Prima di tutto non saprei da dove cominciare a raccontarlo, in quanto, per quel che mi riguarda, non ha una trama granchè lineale; secondo, sempre per quel che mi riguarda, ha più Pro che contro.
John Ajvide Lindquist cerca di avvicinarci a un temi molto particolari, sempre difficili da affrontare, quali bullismo e pedofilia. Oskar, il nostro protagonista, subisce ogni giorno le angherie dei suoi compagni. La situazione è parecchio disagiante a scuola, viene minacciato, provocato, costretto a grugnire come un maiale – dandogli, quindi, del ciccione. Una sera, mentre cerca di accoltellare un albero, sfogando l’impeto “feroce e omicida”, incontra Eli, una ragazza che vive nel palazzo accanto e che appare strana. Quanto strana, Oskar, lo capirà solo vivendo.
Lo ammetto, mi aspettavo qualcosa di più. Quando ho cominciato a leggerlo, speravo fosse davvero una favola horror, delineata da scene di orribile realtà a quelle di orribile fantasia. Mi aspettavo che il rapporto fra Eli e Oskar risvegliasse nel ragazzo l’istinto di sopravvivenza, qualcosa che lo facesse combattere, reagire alle burla dei compagni. Questo succede, ma così in minima parte da non donare quel senso di soddisfazione. Come ho detto, la trama non mi appare lineale. I personaggi sono tanti, ma il problema non sta nella quantità, quanto al fatto che non sono legati o collegati abbastanza da capire cosa centrano loro in questa storia. E questo incide sull’attenzione del lettore, il quale si perde facilmente fra i vari nomi – per altro tutti molto simili fra loro – e i vari accadimenti.
Non agevola per niente, poi, la freddezza con cui l’autore narra la storia. Vero, questo stile un po’ glaciale è quasi una firma per questi autori scandinavi, ma qui mi è sembrato di scontrarmi con un iceberg, nemmeno fossi in Titanic! I dialoghi sono ritmatici – un, due, tre, quattro-unduetrequattro -, appena scanditi da “sì; no; Io…; devi; fai; forza; veloce”. Non sono riuscita a percepire le varie emozioni, se non proprio in casi eccezionali; ma un libro del genere, penso, dovrebbe essere in grado di mutare i sentimenti: dalla rabbia alla desolazione, dalla desolazione alla sconfitta, e dalla sconfitta magari al senso di pace, beatitudine nascosta. Avrei voluto sentire le viscere contorcersi per certi passaggi; e questo non è accaduto.

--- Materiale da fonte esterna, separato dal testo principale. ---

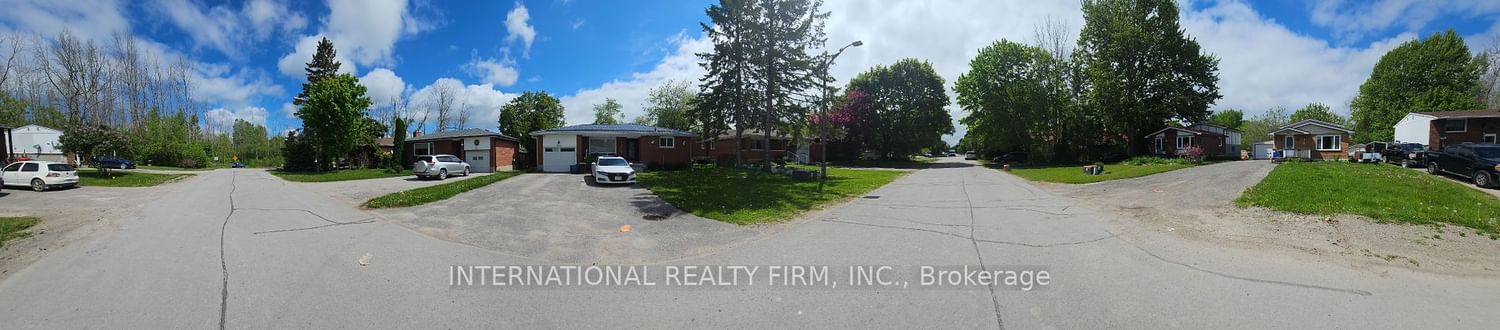 Vacant Land in Beaverton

Per quel che mi riguarda, non riesco a catalogarlo nel genere Horror. Forse una storia un po’ macabra, con quell’accenno che, però, non riesce a formare alcuno shock, nessun battito cardiaco, nessuna palpitazione. Le scene sono tutte un po’ sgranate: esistono, ma scompaiono un attimo dopo, così come sul finale che avrebbe voluto sicuramente più interazione, più colpi di scena. Da lettrice, mi sono sentita come in attesa della scena madre, quella più importante e, sul più bello, qualcuno spegne l’interruttore… e scena sfumata, andata via.
Lasciami entrare è sicuramente un libro da cui avrei preteso molto di più, che mi ha lasciato un po’ di amaro in bocca. Una storia che, visti i temi trattati, avrebbe meritato un approfondimento diverso, sicuramente un po’ di crudeltà in più.